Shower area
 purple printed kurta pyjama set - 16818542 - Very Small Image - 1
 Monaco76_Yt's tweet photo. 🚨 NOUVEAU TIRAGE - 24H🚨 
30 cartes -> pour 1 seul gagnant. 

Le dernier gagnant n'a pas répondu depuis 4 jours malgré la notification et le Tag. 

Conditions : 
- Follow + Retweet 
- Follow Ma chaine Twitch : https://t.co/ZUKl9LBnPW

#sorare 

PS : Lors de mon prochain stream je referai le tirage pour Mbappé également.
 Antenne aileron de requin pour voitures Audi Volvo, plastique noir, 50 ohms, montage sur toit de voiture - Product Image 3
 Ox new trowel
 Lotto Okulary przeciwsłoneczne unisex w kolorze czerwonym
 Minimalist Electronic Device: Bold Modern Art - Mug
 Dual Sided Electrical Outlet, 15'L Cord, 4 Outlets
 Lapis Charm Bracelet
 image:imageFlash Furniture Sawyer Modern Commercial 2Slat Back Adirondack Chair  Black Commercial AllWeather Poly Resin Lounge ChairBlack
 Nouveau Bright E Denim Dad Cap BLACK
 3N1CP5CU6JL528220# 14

════════════════

## EXERCISE
Every line above from the line with "- Follow Ma" to the line with "Lotto Okulary przeciwsłoneczne", inclusive, must be returned exactly; no other line belongs in the reply.

## ANSWER SPACE
- Follow Ma chaine Twitch : https://t.co/ZUKl9LBnPW

#sorare 

PS : Lors de mon prochain stream je referai le tirage pour Mbappé également.
 Antenne aileron de requin pour voitures Audi Volvo, plastique noir, 50 ohms, montage sur toit de voiture - Product Image 3
 Ox new trowel
 Lotto Okulary przeciwsłoneczne unisex w kolorze czerwonym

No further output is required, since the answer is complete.